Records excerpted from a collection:
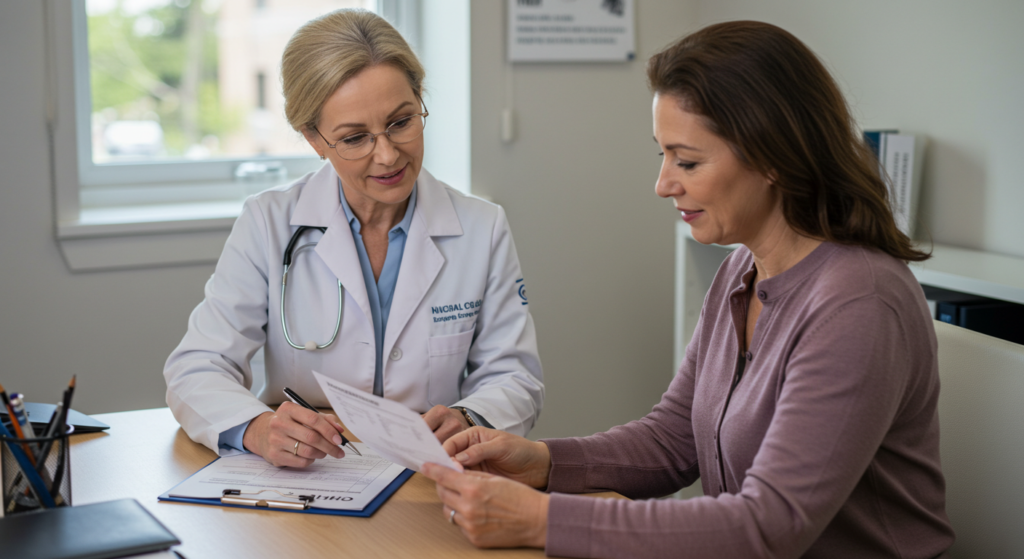 Médica y mujer con MG revisando juntas plan de tratamiento personalizado.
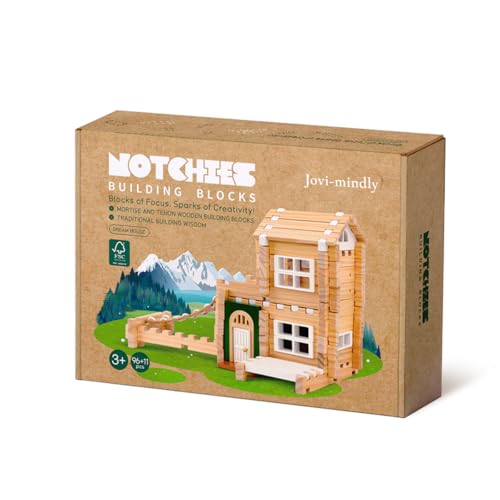 Jovi-mindly＆Notchies 107 Pcs Wooden Blocks Toys with Door and Windows,Classic Old Fashioned Toys,Wooden Building Blocks for Kids Ages 4-8 Boys and Girls,Birthday Toys Gifts - style: Dream House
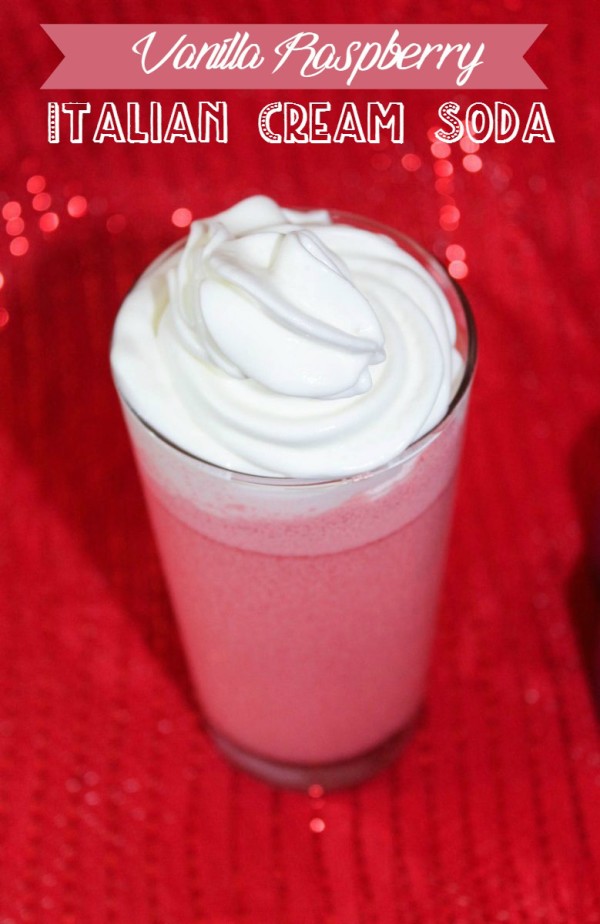 Need a quick, easy yet pretty Valentine's Day beverage that's perfect for kids and adults alike? My French Vanilla Raspberry Italian Cream Soda takes less than a minute to make per serving, yet it's so pretty on your party table! 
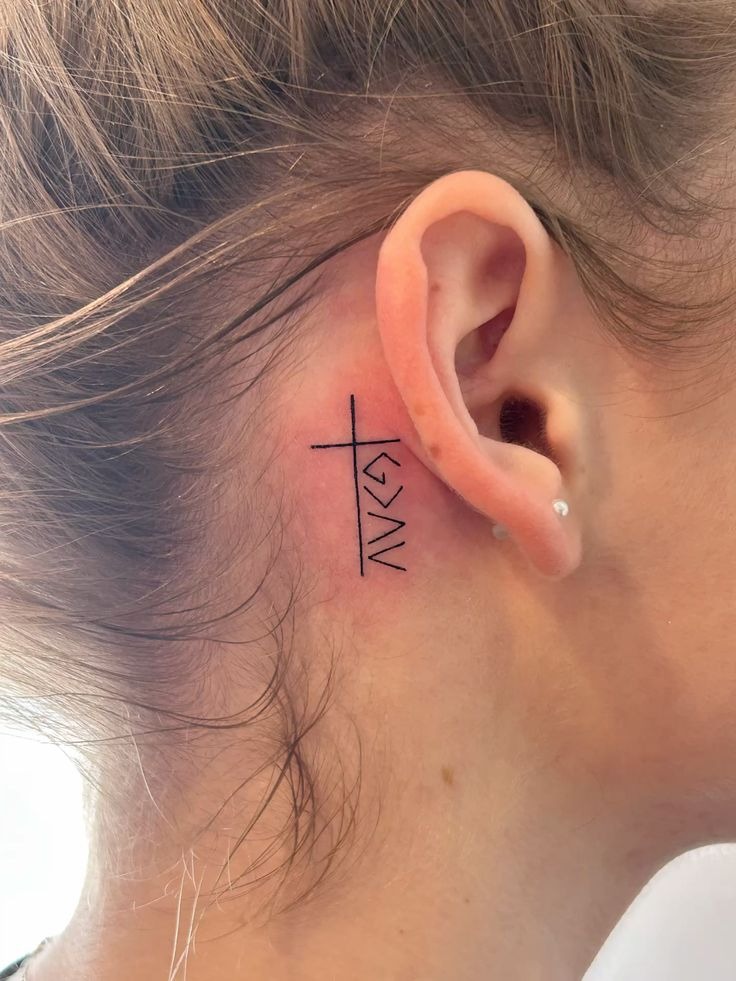 Vertical Arrow and Symbol Tattoo Tattoo Design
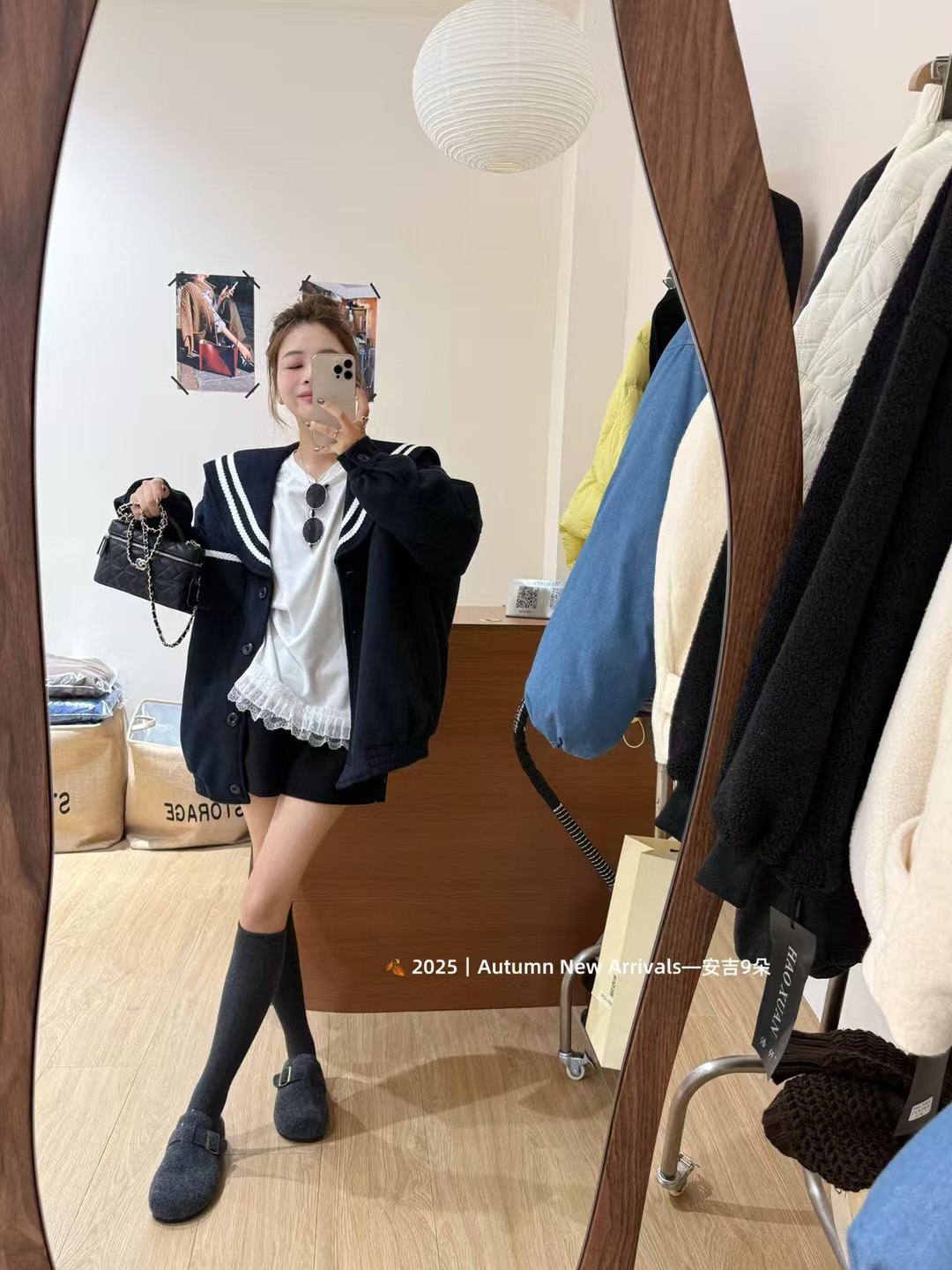 韩国东大门2025冬季新款韩版宽松拼色海军领学院风羊毛夹羽绒外套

## DESCRIPTION OF THE TASK
Please write out, word for word, only the lines from the one holding "Need a quick, easy" through the end of the records above, with both end lines included and the pictures dropped.

## ANSWER
 Need a quick, easy yet pretty Valentine's Day beverage that's perfect for kids and adults alike? My French Vanilla Raspberry Italian Cream Soda takes less than a minute to make per serving, yet it's so pretty on your party table! 
 Vertical Arrow and Symbol Tattoo Tattoo Design
 韩国东大门2025冬季新款韩版宽松拼色海军领学院风羊毛夹羽绒外套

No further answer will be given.